Only the pictures are to be left out; the listing itself is repeated exactly.

=-=-=-=-=

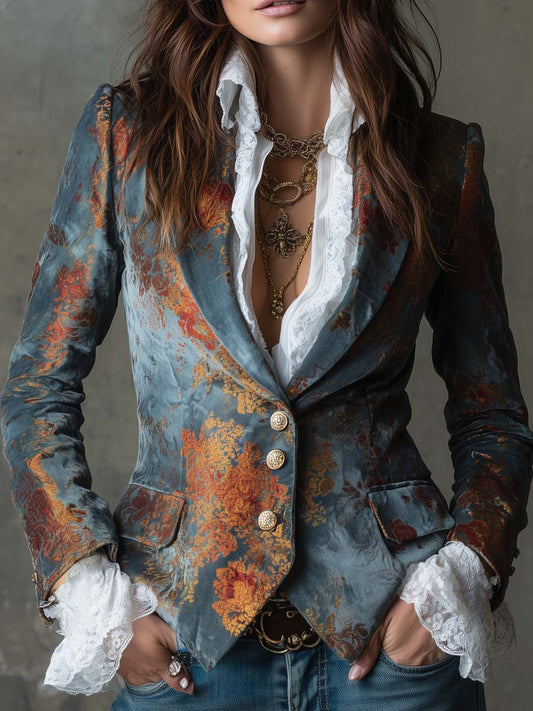 Retro Oil Painting Style Polyester Velvet Printed Double-breasted Blazer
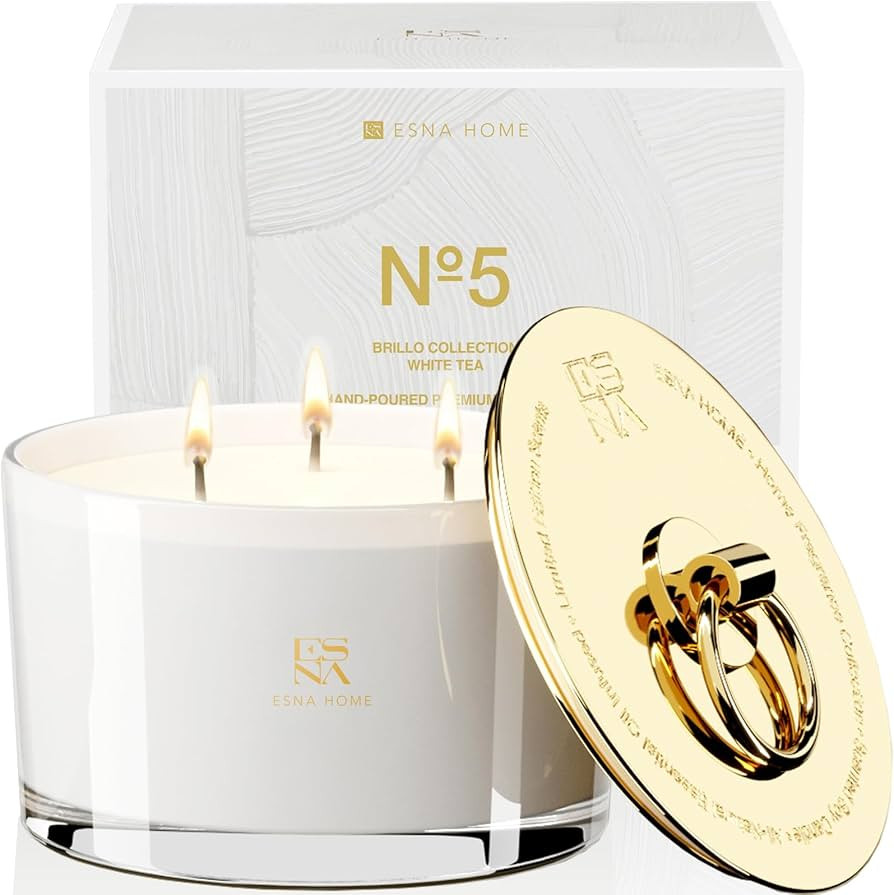 ESNA HOME Aromatherapy Scented Candles | Lavender Essential Oil | 19.4oz 110 Hours Burn Gold Lid ... | Amazon (US)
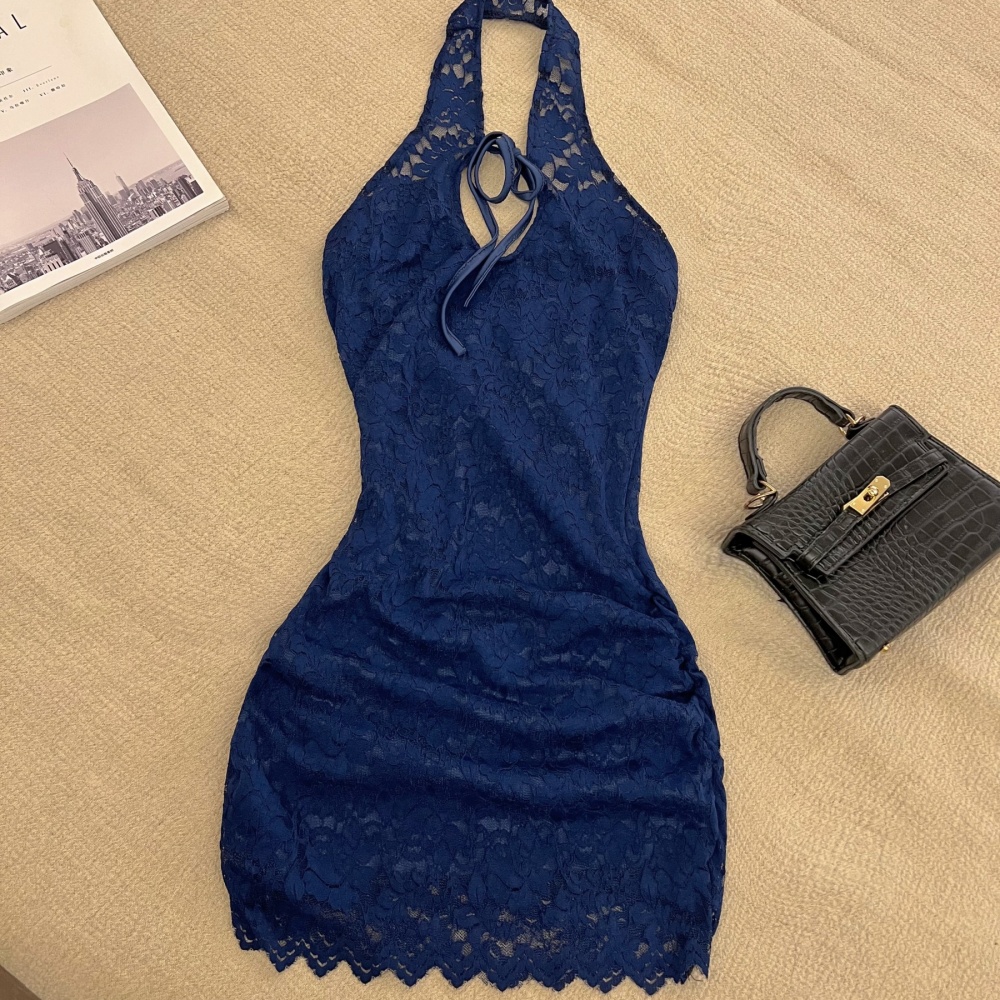 Lace sexy bandage dress short low-cut cheongsam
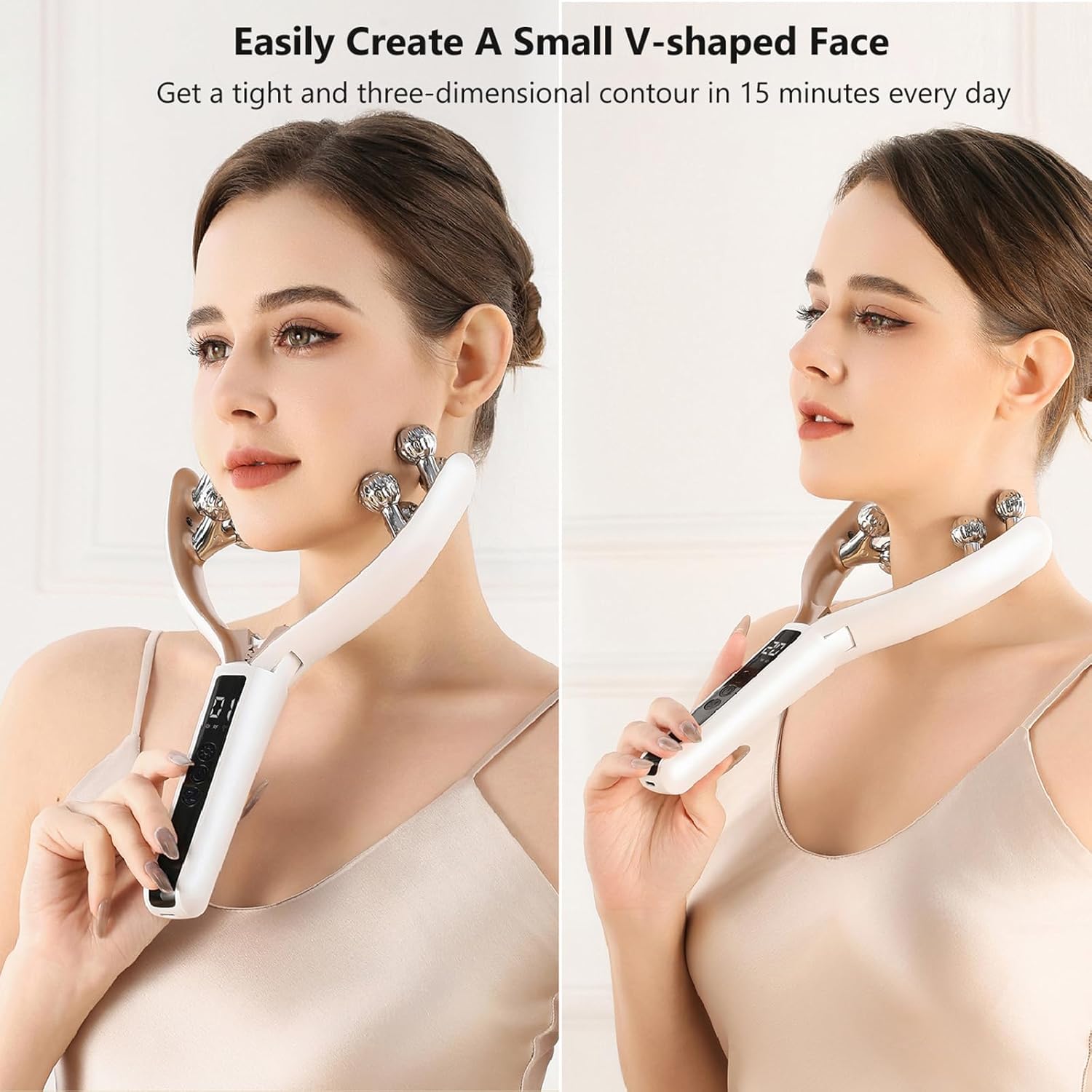 Wireless Facial Massager, 6 Modes & V-Shape Sculpting, 3D Roller Electric Facial Roller for Face and Neck, Portable Skin Tightening Tool for Home & Travel (1Pcs)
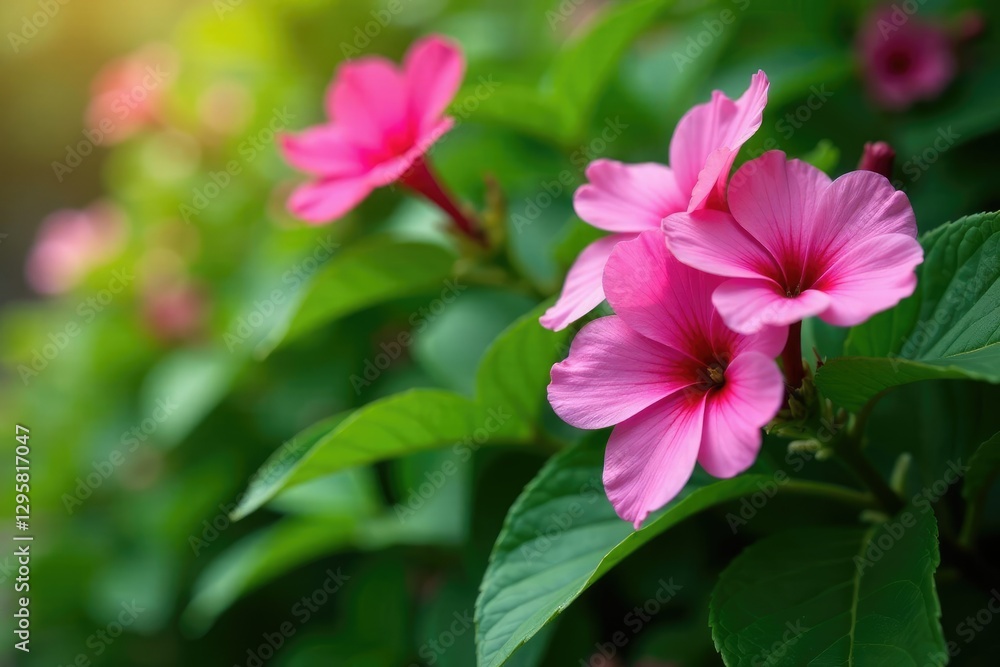 Lush green foliage with bright pink flowers in a garden, green leaves, blooming flowers, flowering plants Lush green foliage with bright pink flowers in a garden, green leaves, blooming flowers, flowering plants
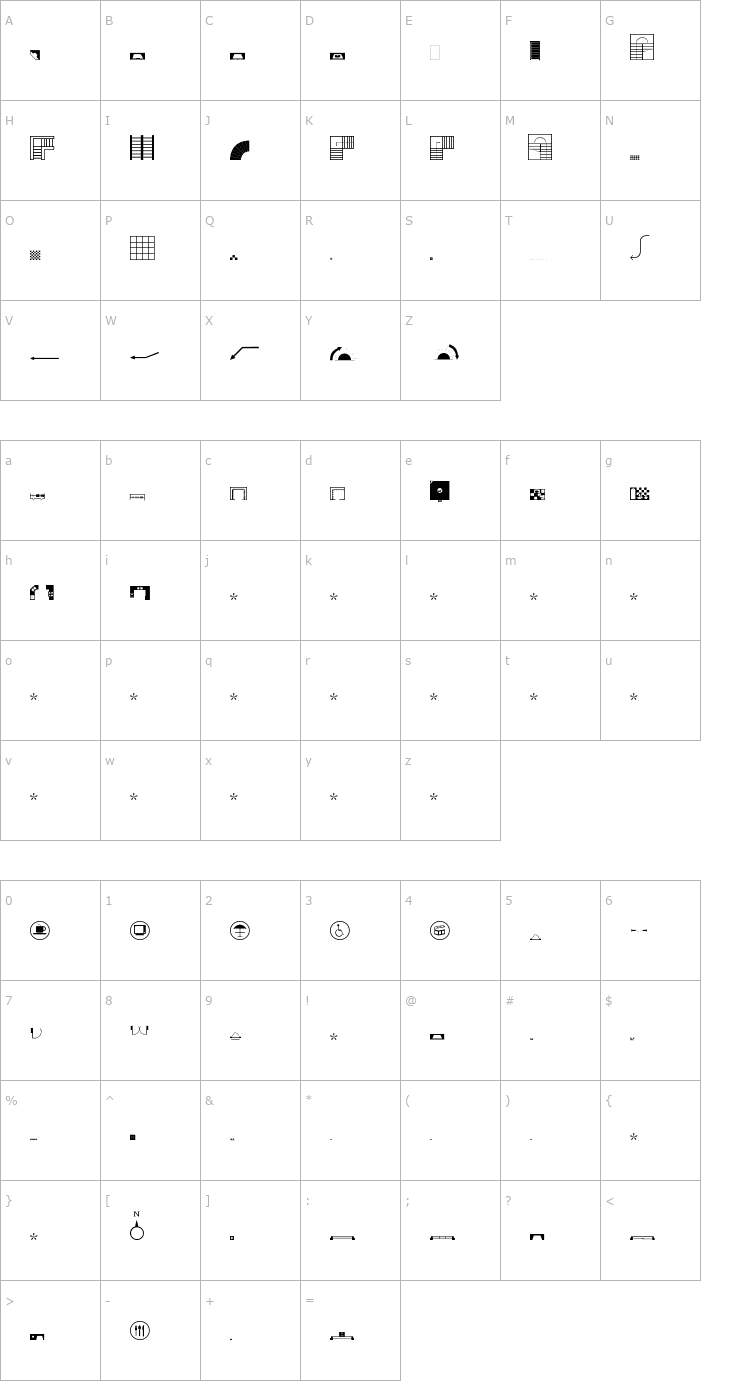 Character Map Home Planning 2 Font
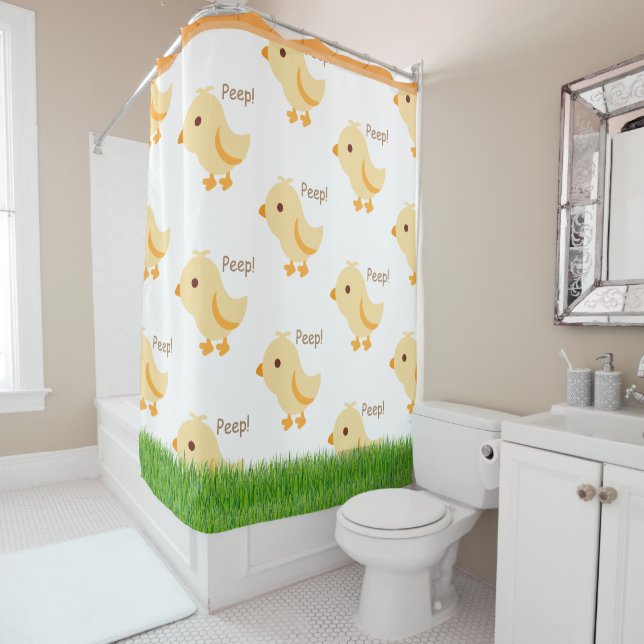 Rideaux De Douche Bébé jaune mignon Enfants (En situation)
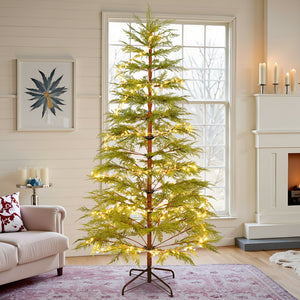 English Elm 6 ft Artificial Christmas Tree with 300 Warm LED Lights, 612 Tips, Hinged PE Branches & Metal Stand N710P181792S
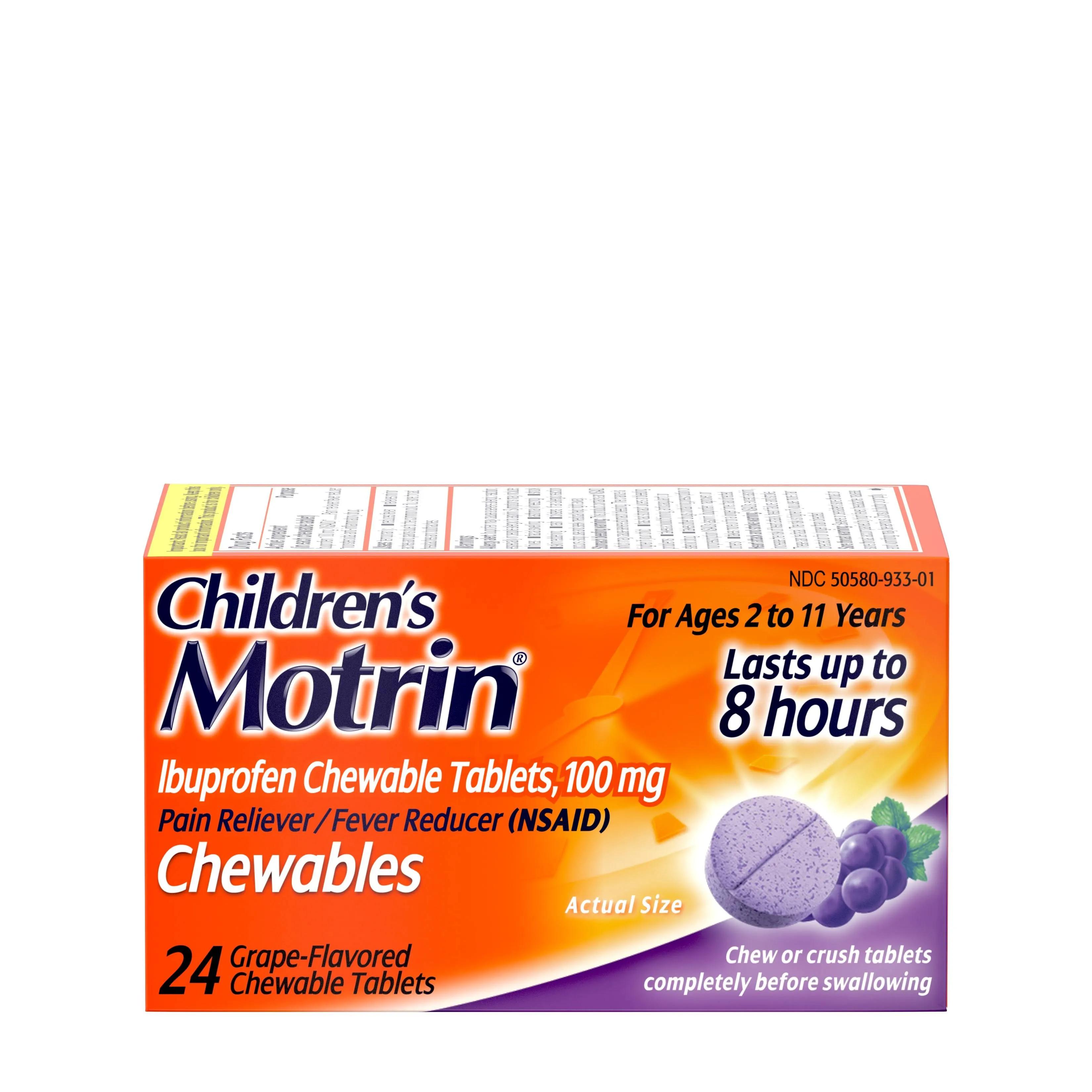 Children's Motrin Ibuprofen Chewable Tablets, 100 mg, Grape - 24 ct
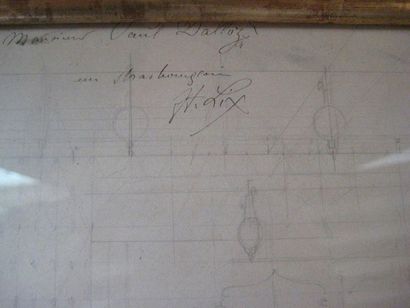 Frédéric Théodore Lix (1830-1897) L'assemblée Crayon sur papier Dédicacé à Mr Paul...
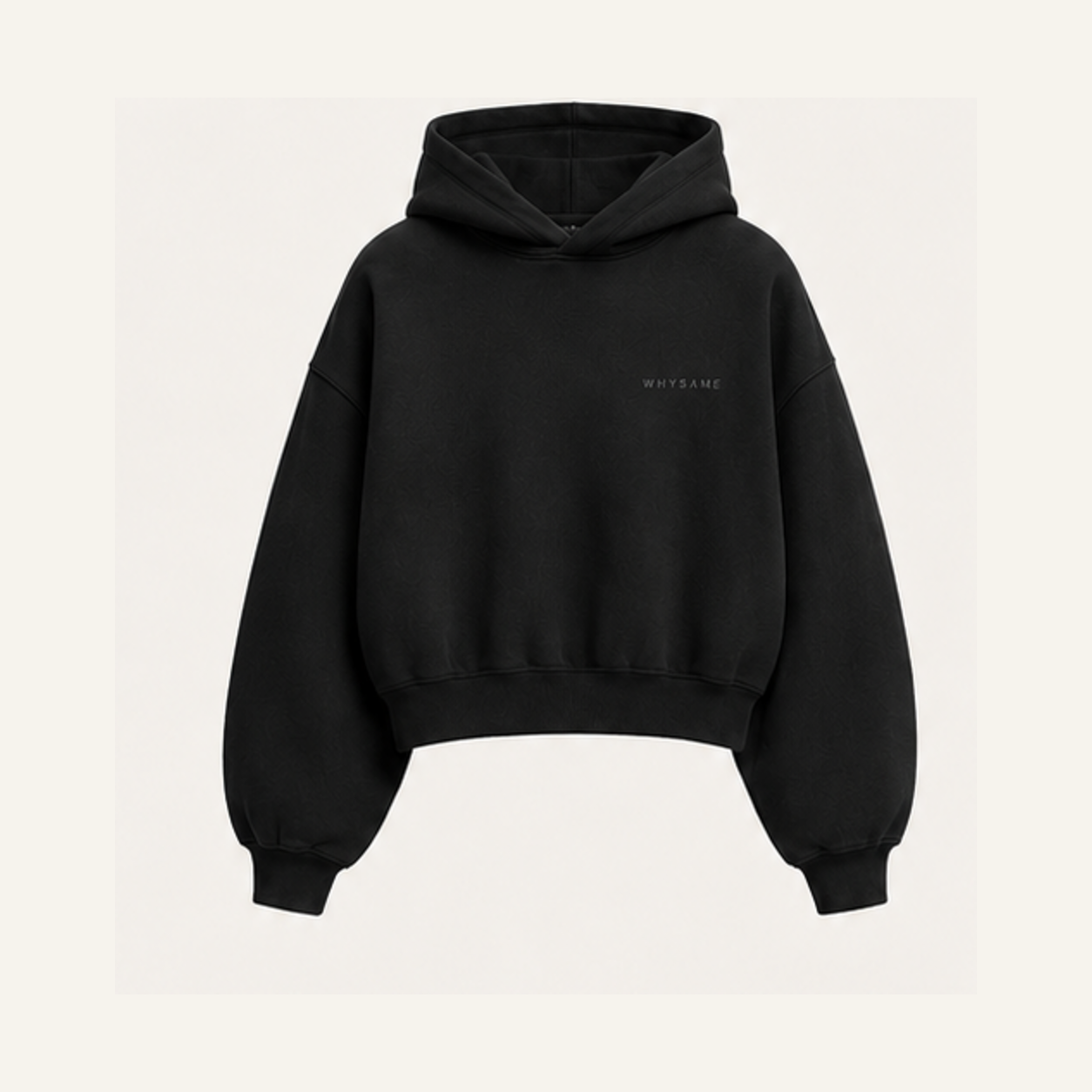 Sudadera boxy WHYSAME ESSENTIAL 001 en color BLACK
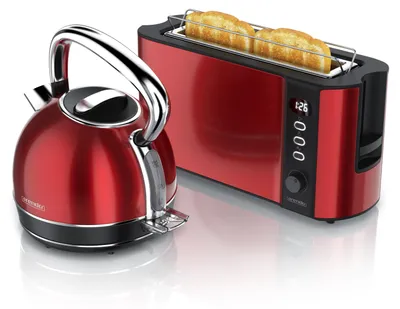 Zdjęcie produktu dla Zestaw śniadaniowy Arendo: czajnik VINTAGE o pojemności 1,7 l i mocy 2200 W oraz toster FRUKOST na 2 kromki, wykonane ze stali nierdzewnej, w stylu retro, zestaw do kuchni, 2 urządzenia, kolor czerwony, Obraz wygenerowany przez AI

=-=-=-=-=

** Result of the task **
 Retro Oil Painting Style Polyester Velvet Printed Double-breasted Blazer
 ESNA HOME Aromatherapy Scented Candles | Lavender Essential Oil | 19.4oz 110 Hours Burn Gold Lid ... | Amazon (US)
 Lace sexy bandage dress short low-cut cheongsam
 Wireless Facial Massager, 6 Modes & V-Shape Sculpting, 3D Roller Electric Facial Roller for Face and Neck, Portable Skin Tightening Tool for Home & Travel (1Pcs)
 Lush green foliage with bright pink flowers in a garden, green leaves, blooming flowers, flowering plants Lush green foliage with bright pink flowers in a garden, green leaves, blooming flowers, flowering plants
 Character Map Home Planning 2 Font
 Rideaux De Douche Bébé jaune mignon Enfants (En situation)
 English Elm 6 ft Artificial Christmas Tree with 300 Warm LED Lights, 612 Tips, Hinged PE Branches & Metal Stand N710P181792S
 Children's Motrin Ibuprofen Chewable Tablets, 100 mg, Grape - 24 ct
 Frédéric Théodore Lix (1830-1897) L'assemblée Crayon sur papier Dédicacé à Mr Paul...
 Sudadera boxy WHYSAME ESSENTIAL 001 en color BLACK
 Zdjęcie produktu dla Zestaw śniadaniowy Arendo: czajnik VINTAGE o pojemności 1,7 l i mocy 2200 W oraz toster FRUKOST na 2 kromki, wykonane ze stali nierdzewnej, w stylu retro, zestaw do kuchni, 2 urządzenia, kolor czerwony, Obraz wygenerowany przez AI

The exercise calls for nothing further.